17- Recourir à des enseignants retraités compétents pour offrir des mesures de soutien à l’insertion professionnelle, car ces mesures font souvent cruellement défaut alors qu’elles ont un impact positif sur la rétention des jeunes enseignants. Il faut aussi mentionner Parfois, on va même jusqu’à demander aux enseignants d’expérience de prendre en charge les nouveaux arrivants pour les aider ;

18- Repenser l’organisation du travail;

19- Procéder aux réformes curriculaires aux fins d’adapter les programmes d’enseignement à nos réalités et à l’environnement social des apprenants ;

20 – La diversification des filières d’enseignement pour alléger la tâche aux enseignants qui enseignent les connaissances générales et abstraites qui sont en inadéquation avec les offres du marché de l’emploi ;

21- Créer un environnement de travail via des outils numériques d’ingénierie pédagogique , des équipements et d’infrastructures scolaires qui peuvent retenir les enseignants à l’école pour des travaux de recherches scientifiques et documentaires même s’ils n’ont pas cours.
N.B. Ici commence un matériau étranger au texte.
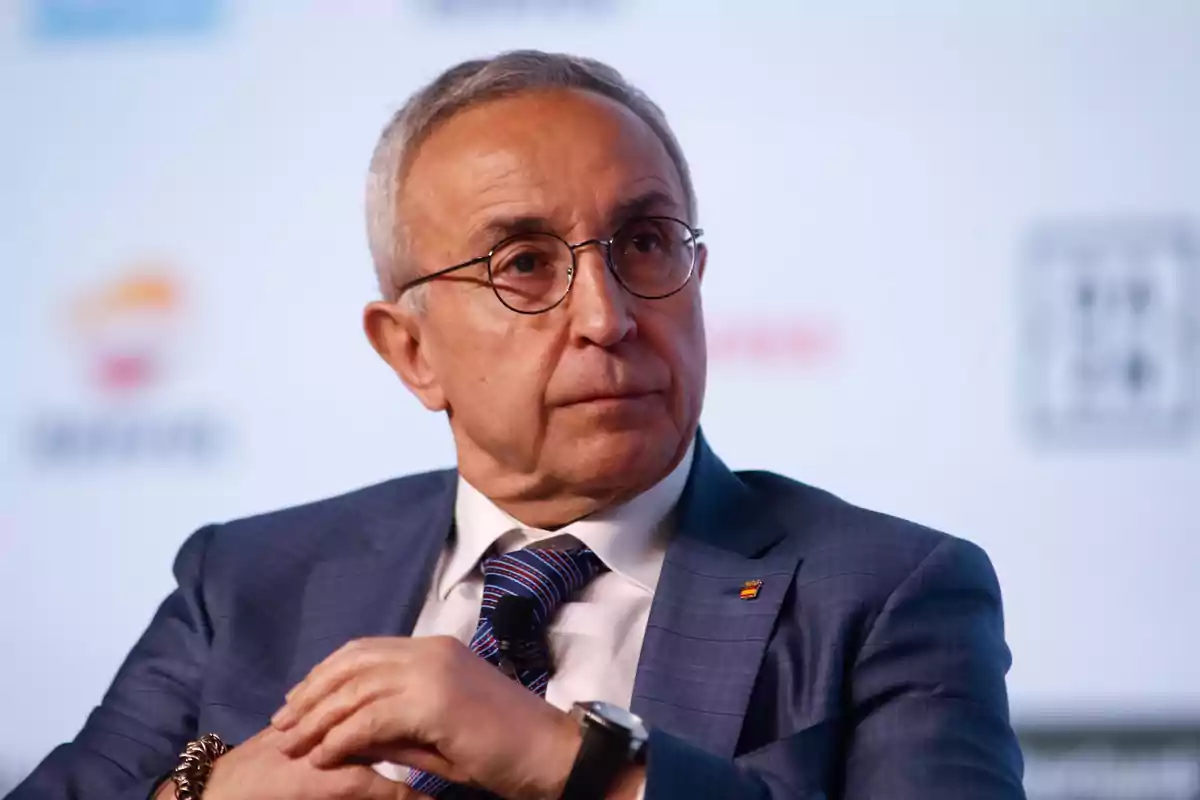 Un hombre mayor con gafas y traje azul claro, sentado y mirando hacia un lado en un evento.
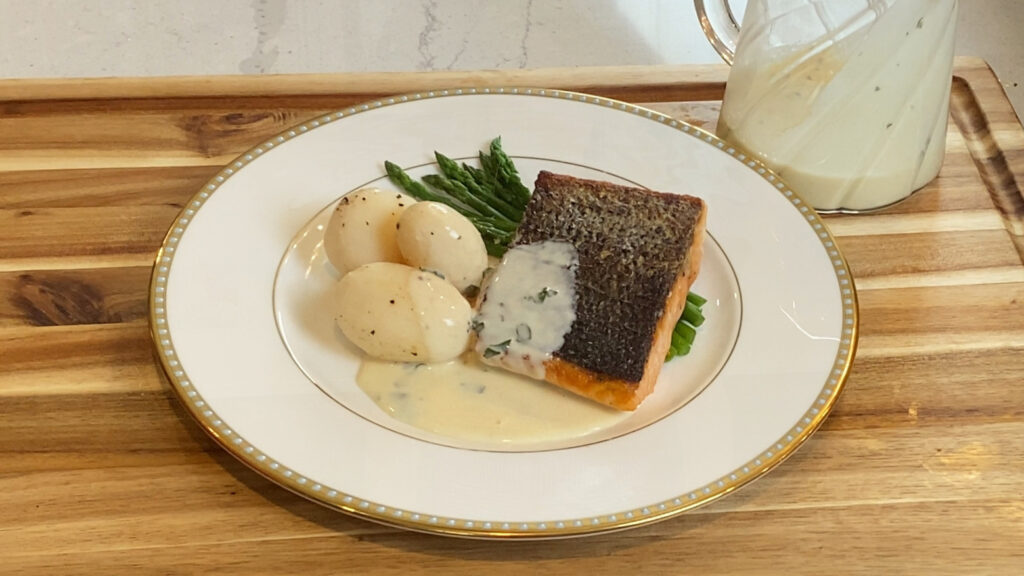 Plate of salmon with Sandefjordsmør sauce, potatoes, and asparagus.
En définitive, la peunerie d’enseignants est une évidence qui saute aux yeux tant à Conakry qu’à l’intérieur du pays. Les faibles résultats aux examens nationaux des élèves des écoles rurales face à ceux des écoles urbaines d’une part , et des écoles publiques face aux élèves des écoles privées d’autre part , en sont une parfaite illustration de l’état d’évanescence , de déliquescence et de morbidité cérébrale de notre système éducatif.
Loin de nous toute prétention à vouloir ramer à contre-courant des nombreux efforts fournis dans le secteur de l’Education et de la formation par les régimes , gouvernements et Ministres successifs, mais nous pensons , qu’en tant que citoyens et au nom du principe sacro-saint de la redevabilité envers l’école de la République dont nous sommes les fruits , il nous revient le devoir et surtout l’obligation morale de travailler à son amélioration pour le bien des élèves d’aujourd’hui qui seront les dirigeants de demain.

Dans notre traditionnel rôle de force sociale de veille , d’alerte, d’interpellation et de propositions, nous avons aussi notre mot à dire sur le fonctionnement de l’éducation du fait de sa transversalité ( l’éducation est l’affaire de tous ). C’est pourquoi , il y’a 13 millions de Ministres de l’éducation nationale et de la formation en Guinée.
Ces pistes de solutions proposées ne seront pas résolues avec une baguette magique mais avec la conjugaison des efforts de l’ensemble des acteurs et partenaires de l’école , à court , moyen et long termes.
L’éducation ne devrait-il pas être la priorité des priorités , pas dans les discours mais dans les actes ?
Il est permis d’en faire une réflexion personnelle.

Michel Pépé Balamou , Enseignant , philosophe politique, analyste des questions de l’éducation, Secrétaire Général du Syndicat National de l’Éducation, SNE.